This is where I try to convert you to the Apple cult... iPhone X is the perfect size


----------



## TirianW (Oct 31, 2017)

TSLAholic said:


> Woah, totally failed to see that there were additional replies to this thread.
> As I explained in my original post, for me personally, physical size is the deciding factor. It's like choosing M3 over MS due to its physical size; some people are switching from MS to M3 mainly for this reason alone.
> Unfortunately for me, I have not been able to come across an Android phone that is as ergonomically friendly as the Galaxy Mini series devices were. The Galaxy S7 seems to be the closest one yet. But that sucker slipped out and smacked the floor hard while I was trying to reach the top of the screen with my thumb while holding it with one hand.
> So, it really isn't about hanging on to an ancient dinosaur of a phone.


The big advantage of Android is that there are phones for every need, might I suggest the Unihertz Jelly (https://www.unihertz.com/jelly.html). It is small, reasonably powerful, and according to the Play Store compatible with the Tesla App. My daily phone is a Galaxy Note 8, but the Jelly is a great backup or travel phone. The screen is a little small and some web sites don't work quite right, but so far it has done everything I have asked it to do. I don't have my M3 yet, so I can't say definitively that it works, but it is running Android 7, has BLE (Bluetooth 4.1), and is compatible with multiple carriers (and is reasonably priced), so it is worth considering.


----------



## garsh (Apr 4, 2016)

TSLAholic said:


> Unfortunately for me, I have not been able to come across an Android phone that is as ergonomically friendly as the Galaxy Mini series devices were.
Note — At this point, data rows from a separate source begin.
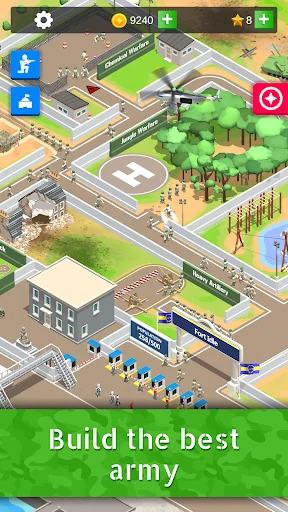 Idle Army Base: Tycoon Game screenshot 1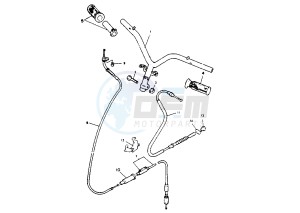 YM BREEZE 50 drawing STEERING HANDLE -CABLE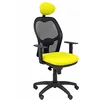 Image de Piqueras y Crespo Chaise de Bureau avec Appui-tête Jorquera P&C ALI100C Jaune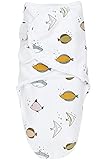 Meyco Baby inbakerdoek - Sea Multicolour - 0-3 maanden - enkele verpakking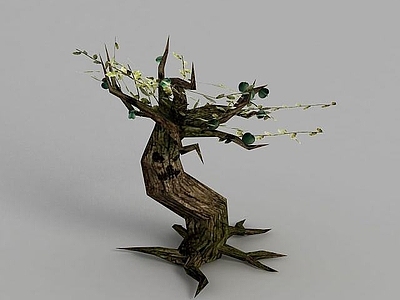 现代魔兽世界游戏场景树木装饰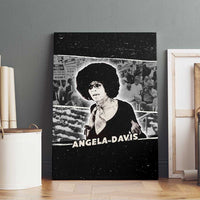 Angela Davis Canvas Wall Art Protest Design Liberating Minds and Society Quote Civil Rights Movement - Wonder Print Shop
While not quite as small as a Galaxy Mini, I suggest taking a look at the Moto E4. It's a decent phone, not overly big, and the battery seems to last over twice as long as any of the other phones in my family (which includes the Pixel 2, Nexus 6p, and Nexus 5x), and that's not an exaggeration. Best of all, you can get them for $40.



SoFlaModel3 said:


> This is where I try to convert you to the Apple cult... iPhone X is the perfect size


No need. The Moto E4 is about the same size.


----------



## mig (Jul 10, 2017)

Now if only someone would make an Android device small enough to fit on my keychain...


----------



## SoFlaModel3 (Apr 15, 2017)

garsh said:


> No need. The Moto E4 is about the same size.


Dislike button


----------



## KGTES (Sep 26, 2017)

TSLAholic said:


> Woah, totally failed to see that there were additional replies to this thread.
> 
> As I explained in my original post, for me personally, physical size is the deciding factor. It's like choosing M3 over MS due to its physical size; some people are switching from MS to M3 mainly for this reason alone.
> Unfortunately for me, I have not been able to come across an Android phone that is as ergonomically friendly as the Galaxy Mini series devices were. The Galaxy S7 seems to be the closest one yet. But that sucker slipped out and smacked the floor hard while I was trying to reach the top of the screen with my thumb while holding it with one hand.
> So, it really isn't about hanging on to an ancient dinosaur of a phone.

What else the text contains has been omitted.